Astonishingly, the researchers just compared surgery to medication, which has been proven over and over not to reverse diabetes, and often promotes progressive worsening of the diabetes. Patients who go on insulin gain weight, and their blood pressure and cholesterol go up. And in recent studies, those who had the most aggressive medical therapy to lower blood sugar had higher rates of heart attack and death.
These two new studies on gastric bypass should have included a treatment group that had intensive lifestyle therapy as well as medical therapy or surgery.
Lifestyle change and changes in diet work faster, better and more cheaply than any medication and are as effective or more effective than gastric bypass without any side effects or long-term complications. These changes are not easy, but then neither is gastric bypass.
A recent study entitled Reversal of Type 2 diabetes: normalization of beta cell function in association with decrease pancreas and liver triglycerides proved that diet alone could reverse Type 2 diabetes. The bottom line: A dramatic diet change (protein shake, low glycemic load, plant-based low-calorie diet but no exercise) in diabetics reversed most features of diabetes within one week and all features by eight weeks. That's right, diabetes was reversed in one week. That's more powerful than any drug known to modern science, and is as or more effective than gastric bypass. But since it was a diet study, it got no press or attention. Other research proves that intensive lifestyle therapy can achieve the same results.
We don't have to heal with steel, we can heal with meals.
As I write this, new guidelines and insurance coverage for this new surgical diabetes cure are in motion. But this is a grave mistake. One in four people over 65 years old, nearly one in five African Americans and almost one out of 10 of our whole population have Type 2 diabetes. By 2050, there will be one in three Americans with Type 2 diabetes.
Recommending gastric bypass as a national solution for our diabetes epidemic is bad medicine and bad economics. If the nearly 30 million diabetics in America took advantage of this new miracle cure at $25,000 a pop, it would cost three-quarters of a trillion dollars ($750,000,000,000).
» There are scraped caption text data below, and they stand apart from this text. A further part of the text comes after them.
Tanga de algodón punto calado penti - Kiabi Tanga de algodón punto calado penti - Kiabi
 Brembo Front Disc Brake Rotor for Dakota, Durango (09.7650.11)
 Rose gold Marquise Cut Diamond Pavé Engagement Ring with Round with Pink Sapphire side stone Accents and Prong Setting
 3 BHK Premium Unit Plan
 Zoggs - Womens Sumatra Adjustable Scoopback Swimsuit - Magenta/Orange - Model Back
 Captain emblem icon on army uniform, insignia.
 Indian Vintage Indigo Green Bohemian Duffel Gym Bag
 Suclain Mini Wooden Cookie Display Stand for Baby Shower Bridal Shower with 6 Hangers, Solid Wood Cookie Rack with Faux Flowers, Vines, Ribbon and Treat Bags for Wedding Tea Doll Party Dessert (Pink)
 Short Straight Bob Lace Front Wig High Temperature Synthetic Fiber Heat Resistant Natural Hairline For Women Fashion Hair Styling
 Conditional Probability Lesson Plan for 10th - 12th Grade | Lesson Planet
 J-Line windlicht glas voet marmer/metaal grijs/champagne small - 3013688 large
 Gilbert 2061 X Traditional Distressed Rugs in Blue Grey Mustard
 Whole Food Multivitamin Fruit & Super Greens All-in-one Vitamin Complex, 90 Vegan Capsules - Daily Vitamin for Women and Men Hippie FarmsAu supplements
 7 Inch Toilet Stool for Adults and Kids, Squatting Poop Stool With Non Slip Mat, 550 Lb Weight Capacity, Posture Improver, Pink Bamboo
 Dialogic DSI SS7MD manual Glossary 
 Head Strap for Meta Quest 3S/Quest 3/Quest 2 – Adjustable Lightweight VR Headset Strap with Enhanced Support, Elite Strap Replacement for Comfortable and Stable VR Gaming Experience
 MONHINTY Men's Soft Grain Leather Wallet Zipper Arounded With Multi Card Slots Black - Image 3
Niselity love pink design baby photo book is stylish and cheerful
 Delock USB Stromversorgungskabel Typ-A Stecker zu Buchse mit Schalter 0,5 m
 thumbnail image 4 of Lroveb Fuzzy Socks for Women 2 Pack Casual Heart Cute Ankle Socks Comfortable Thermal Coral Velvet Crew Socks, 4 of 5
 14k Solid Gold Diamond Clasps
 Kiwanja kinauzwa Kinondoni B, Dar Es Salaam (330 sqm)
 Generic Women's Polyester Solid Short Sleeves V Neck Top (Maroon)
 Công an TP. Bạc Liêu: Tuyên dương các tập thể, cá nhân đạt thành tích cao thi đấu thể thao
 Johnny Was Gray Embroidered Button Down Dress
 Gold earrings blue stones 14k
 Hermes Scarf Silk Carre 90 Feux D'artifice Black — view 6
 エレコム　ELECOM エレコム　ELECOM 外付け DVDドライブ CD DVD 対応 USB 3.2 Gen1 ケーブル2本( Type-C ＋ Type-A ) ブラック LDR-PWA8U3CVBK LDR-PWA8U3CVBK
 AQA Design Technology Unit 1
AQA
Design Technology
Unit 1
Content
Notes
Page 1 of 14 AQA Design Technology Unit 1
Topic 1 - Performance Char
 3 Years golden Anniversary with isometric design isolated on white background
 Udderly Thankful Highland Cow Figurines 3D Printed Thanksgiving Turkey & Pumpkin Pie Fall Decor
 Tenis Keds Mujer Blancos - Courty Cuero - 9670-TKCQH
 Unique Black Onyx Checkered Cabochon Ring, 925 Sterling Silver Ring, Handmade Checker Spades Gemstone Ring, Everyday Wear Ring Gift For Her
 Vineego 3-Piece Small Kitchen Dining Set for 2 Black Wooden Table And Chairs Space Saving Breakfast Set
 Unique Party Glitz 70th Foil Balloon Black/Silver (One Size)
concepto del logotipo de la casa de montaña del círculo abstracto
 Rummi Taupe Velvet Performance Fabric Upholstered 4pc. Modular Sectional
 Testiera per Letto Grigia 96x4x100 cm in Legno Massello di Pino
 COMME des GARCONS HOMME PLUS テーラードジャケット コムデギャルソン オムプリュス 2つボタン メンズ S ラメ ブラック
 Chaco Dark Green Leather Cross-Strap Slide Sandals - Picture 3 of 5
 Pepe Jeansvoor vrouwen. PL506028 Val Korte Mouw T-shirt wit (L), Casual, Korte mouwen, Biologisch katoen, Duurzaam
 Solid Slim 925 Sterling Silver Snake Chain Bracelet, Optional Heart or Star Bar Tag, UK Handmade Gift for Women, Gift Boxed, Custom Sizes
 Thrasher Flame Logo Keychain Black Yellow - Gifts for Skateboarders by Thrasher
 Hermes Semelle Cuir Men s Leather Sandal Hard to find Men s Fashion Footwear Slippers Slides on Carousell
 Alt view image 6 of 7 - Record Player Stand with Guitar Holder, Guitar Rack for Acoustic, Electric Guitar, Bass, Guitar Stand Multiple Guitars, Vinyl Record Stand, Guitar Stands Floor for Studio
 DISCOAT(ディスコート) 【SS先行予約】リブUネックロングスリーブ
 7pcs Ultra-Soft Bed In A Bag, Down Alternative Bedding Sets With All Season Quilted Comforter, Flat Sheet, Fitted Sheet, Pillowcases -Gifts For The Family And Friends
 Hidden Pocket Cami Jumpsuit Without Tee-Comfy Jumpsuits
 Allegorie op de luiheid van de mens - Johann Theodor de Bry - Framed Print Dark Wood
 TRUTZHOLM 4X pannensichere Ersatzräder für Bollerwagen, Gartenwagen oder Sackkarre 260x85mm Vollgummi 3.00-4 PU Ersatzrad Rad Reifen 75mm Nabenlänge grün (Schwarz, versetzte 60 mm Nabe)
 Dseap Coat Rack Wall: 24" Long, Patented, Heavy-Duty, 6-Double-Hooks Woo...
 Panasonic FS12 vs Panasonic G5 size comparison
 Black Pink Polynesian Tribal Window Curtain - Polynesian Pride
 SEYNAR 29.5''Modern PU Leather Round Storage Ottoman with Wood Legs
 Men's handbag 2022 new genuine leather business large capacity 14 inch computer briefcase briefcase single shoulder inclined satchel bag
If we paid people $100 a pound to lose weight, we would still be better off. To treat the nearly 400 million diabetics around the globe, would cost $10 trillion. Does this make any sense?
Shrinking someone's stomach to the size of a walnut with surgery is one way to battle obesity and diabetes and may be lifesaving for a few, but it doesn't address the underlying causes. And many will regain the weight because they didn't change their understanding of their bodies or relationship to food.
Clearly, weight loss is critical and important for obtaining optimal health. However, what we are finding in patients who have gastric bypass surgery is that even a dramatic change in diet in a short period of time creates dramatic metabolic changes.
All the parameters that we thought were related to obesity, such as high blood sugar, high cholesterol, high blood pressure, inflammation and clotting, are dramatically reduced even without significant weight loss because of the rapid effects of dietary changes that control which genes get turned on or off. This is called nutrigenomics -- the way food talks to your genes. While weight loss is important, what's more important is the quality of food you put in your body -- food is information that quickly changes your metabolism and genes.
Unless we address the root causes -- what we eat, our sedentary lifestyle and the social and environmental conditions that drive obesity and disease -- we will have tens of millions more diabetics lining up for stomach stapling! The only ones to benefit would be the bariatric surgeons, the makers of the surgical instruments and the hospitals who are paid handsomely.
To paraphrase President Clinton, "It's the food, stupid!"
My book, The Blood Sugar Solution, is a personal plan for individuals to get healthy, for us to get healthy together in our communities and for us to take back our health as a society. Obesity and diabetes are social diseases and we need a social cure, not a surgical one.
My personal hope is that together we can create a national conversation about a real, practical solution for the prevention, treatment and reversal of our diabesity epidemic.
To learn more and to get a free sneak preview of the book go to
Now I'd like to hear from you...
Do you think we should promote a gastric bypass as a national strategy to deal with the diabetes epidemic?
How have you reversed diabetes with food?
Have you had gastric bypass and did you maintain the weight loss? Or gain it back?
Please leave your thoughts by adding a comment below.
To your good health,
Mark Hyman, MD"

For more by Mark Hyman, M.D., click here.
For more on diabetes, click here.

As always a good article.What amazed me most is the statement that "what we eat, our sedentary lifestyle and the social and environmental conditions that drive obesity and disease -- we will have tens of millions more diabetics lining up for stomach stapling! The only ones to benefit would be the bariatric surgeons, the makers of the surgical instruments and the hospitals who are paid handsomely."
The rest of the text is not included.